> _Data for this exercise_
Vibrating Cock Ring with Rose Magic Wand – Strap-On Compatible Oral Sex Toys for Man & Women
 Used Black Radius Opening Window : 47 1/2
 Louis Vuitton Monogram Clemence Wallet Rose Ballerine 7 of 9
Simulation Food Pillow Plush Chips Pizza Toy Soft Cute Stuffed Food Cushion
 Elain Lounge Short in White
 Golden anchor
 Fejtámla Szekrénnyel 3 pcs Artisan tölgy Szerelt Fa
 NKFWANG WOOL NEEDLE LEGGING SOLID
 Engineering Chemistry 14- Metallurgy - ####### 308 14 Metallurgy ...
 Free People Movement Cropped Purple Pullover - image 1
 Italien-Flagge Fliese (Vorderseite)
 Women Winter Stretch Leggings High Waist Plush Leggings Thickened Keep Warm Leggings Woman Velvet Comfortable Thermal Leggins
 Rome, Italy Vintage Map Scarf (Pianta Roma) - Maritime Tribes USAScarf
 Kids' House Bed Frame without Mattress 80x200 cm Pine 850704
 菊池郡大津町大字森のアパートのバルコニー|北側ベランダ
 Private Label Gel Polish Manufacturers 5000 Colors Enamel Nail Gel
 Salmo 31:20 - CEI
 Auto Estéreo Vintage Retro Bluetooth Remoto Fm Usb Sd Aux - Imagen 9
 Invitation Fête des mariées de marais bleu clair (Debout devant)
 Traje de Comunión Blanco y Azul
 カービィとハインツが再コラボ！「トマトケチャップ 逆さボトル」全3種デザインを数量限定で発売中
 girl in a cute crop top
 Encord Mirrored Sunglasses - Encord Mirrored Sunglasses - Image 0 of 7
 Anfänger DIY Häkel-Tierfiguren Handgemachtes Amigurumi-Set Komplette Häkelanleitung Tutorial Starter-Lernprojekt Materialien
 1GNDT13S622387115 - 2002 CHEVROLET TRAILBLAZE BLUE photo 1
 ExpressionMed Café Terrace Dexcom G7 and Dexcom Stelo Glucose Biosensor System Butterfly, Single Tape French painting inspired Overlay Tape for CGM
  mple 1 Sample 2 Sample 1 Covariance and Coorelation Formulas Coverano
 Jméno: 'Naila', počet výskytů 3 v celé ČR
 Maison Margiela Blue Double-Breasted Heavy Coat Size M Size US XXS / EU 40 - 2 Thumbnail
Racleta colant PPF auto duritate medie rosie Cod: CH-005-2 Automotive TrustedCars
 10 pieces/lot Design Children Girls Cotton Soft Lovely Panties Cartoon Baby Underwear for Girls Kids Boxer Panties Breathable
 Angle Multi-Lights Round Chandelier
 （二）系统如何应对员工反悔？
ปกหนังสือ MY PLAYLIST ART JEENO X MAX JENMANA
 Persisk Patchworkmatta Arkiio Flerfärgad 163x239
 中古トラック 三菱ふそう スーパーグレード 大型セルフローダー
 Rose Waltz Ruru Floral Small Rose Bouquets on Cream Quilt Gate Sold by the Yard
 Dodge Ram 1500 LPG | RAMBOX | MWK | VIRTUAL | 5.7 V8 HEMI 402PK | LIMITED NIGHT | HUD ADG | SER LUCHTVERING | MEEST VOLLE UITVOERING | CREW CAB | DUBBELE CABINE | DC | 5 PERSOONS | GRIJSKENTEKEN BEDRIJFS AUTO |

> _What you have to do_
Could you restate, word for word, the lines above from the one with "mple 1 Sample" to the one with "10 pieces/lot Design", both included?

> _Answer for the task_
  mple 1 Sample 2 Sample 1 Covariance and Coorelation Formulas Coverano
 Jméno: 'Naila', počet výskytů 3 v celé ČR
 Maison Margiela Blue Double-Breasted Heavy Coat Size M Size US XXS / EU 40 - 2 Thumbnail
Racleta colant PPF auto duritate medie rosie Cod: CH-005-2 Automotive TrustedCars
 10 pieces/lot Design Children Girls Cotton Soft Lovely Panties Cartoon Baby Underwear for Girls Kids Boxer Panties Breathable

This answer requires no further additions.